Forum Friday: What do you recommend for magical realism?

This one’s for the readers– and for me, because I love magical realism, and haven’t read nearly enough of it. Laura Esquivel’s Like Water for Chocolate may be the only full-length novel I’ve read that employs it throughout (ex: tears gushing into floods, quail cooked with rose petals that ignite feelings of passion when eaten, souls represented as a lit match inside each person).

In brief, for anyone unfamiliar with it, magical realism is a style of writing that imbues ordinary, everyday things with something magic, fantastical, etc. Wikipedia offers an expanded definition.

What books or short stories would you recommend to someone looking for magical realism?

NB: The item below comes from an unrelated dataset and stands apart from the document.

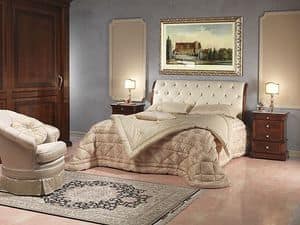 Art. 2026/952/2/C bed, Luxury bed, in wood and leather, for 5 stars hotel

16 responses to “Forum Friday: What do you recommend for magical realism?”

  1. I have not read much in the way of Magical Realism, but have been getting into the work of Haruki Murakami lately. Last year I read Murakami’s “1Q84” which definitely falls into that category and I loved it. I’ve got a review of it on my website ( Check it out!

    1. I love Murakami! But man, I’d be hard pressed to classify his writing. Definitely blurs categories.

      Thanks for recommending 1Q84. It’s going on the official to-read list!

  2. A lot of Latin American fiction fits into the category of magic realism, with Gabriel Garcia Marquez’s ‘One Hundred Years of Solitude’ being probably the most well known. I heartily recommend it. My own Pedersen’s Last Dream, which I am publishing as I edit (, also fits into the genre. May I be so cheeky as to suggest your readers take a peek?

    1. Yes! Interestingly nearly all the examples of magical realism I can think of were written in Spanish by one author or another (Marquez, Borges, and of course the book I mentioned).

  3. Dianne Gray, the Australian author, throws in little bits of mysticism and unnatural occurrences whilst not messing with the believability of the story. It’s a difficult trick if you’re dealing with an adult audience. I started to read a book a year ago in which, in an interesting enough story, three of the characters, one after the other, demonstrated super powers 😦 It just lost all credibility for me right there.

    In my present WIP I’m using the west of Ireland as a location in which to play around with hauntings, faeries, leprechauns and stuff in the hope that readers will go with it in the the right spirit (so to speak). Only time will tell.

    1. Dianne Gray! Sounds familiar. I’m off to investigate…

      I’ve read at least one book that was mainstream fiction but played with some of Ireland’s folklore really well– Skippy Dies? I recommend it if you haven’t read it…perhaps relevant reading!

      1. Thank you Julie, onto my wish list 🙂

  4. John Fowles definitely fits into this genre with ‘The Magus’ springing to mind. Then there’s the brilliant Paul Auster.

    One of my favourite female writers of magical realism has to be
    Angela Carter. Perhaps she was one of the very best of all. Nights at the Circus is a must. I can go…and on…and on…of course… but it is Saturday night.

    1. *Frantically notes authors* Fantastic! Thanks for sharing, Bryan!

  5. “Chocolat” by Joann Harris! Or, if you’d like… you can just watch the movie with Johnnie Depp 😉 “Water for Chocolate” reminded me of this story a lot, because of the sort of “magical properties” of food and the way it can affect people.

    1. OMG, I am adding that to my reading list NOW! Chocolat is one of my absolute favorite movies (one of select few I never tire of) and I’ll bet the book is even better! Thanks for the suggestion, Aussa 🙂

  6. Hi, Julie! Thanks for bringing tho up. I am currently reading “Red Velvet And Absinthe”, a fun and spicy collection of short stories that blends paranormal, erotic romance and Magical Realism.

    A more classic collection is Gabriel Garcia Marquez’s “Collected Stories” out through Harper Perennial.

    I have a blog that celebrates Magical Realism in all mediums if anyone wants to join me over there it’s called “Create An Enchanted Life” :))

    1. Hello, Fiona! Thanks for sharing 🙂 I remember reading some of Marquez’s short stories in a Spanish class some years ago and being totally blown away. I should really pick those up again…

      1. No worries. Yeah Marquez often seems blunt, to me, but also so unopolagetic and confident! I forgot to leave you this wonderful list of 195 MR titles put together by Zoe Brooks.

        1. Omg, this is fantastic!!! Thank you, Fiona!

          1. My pleasure, J. I hope to get through the list someday myself, too.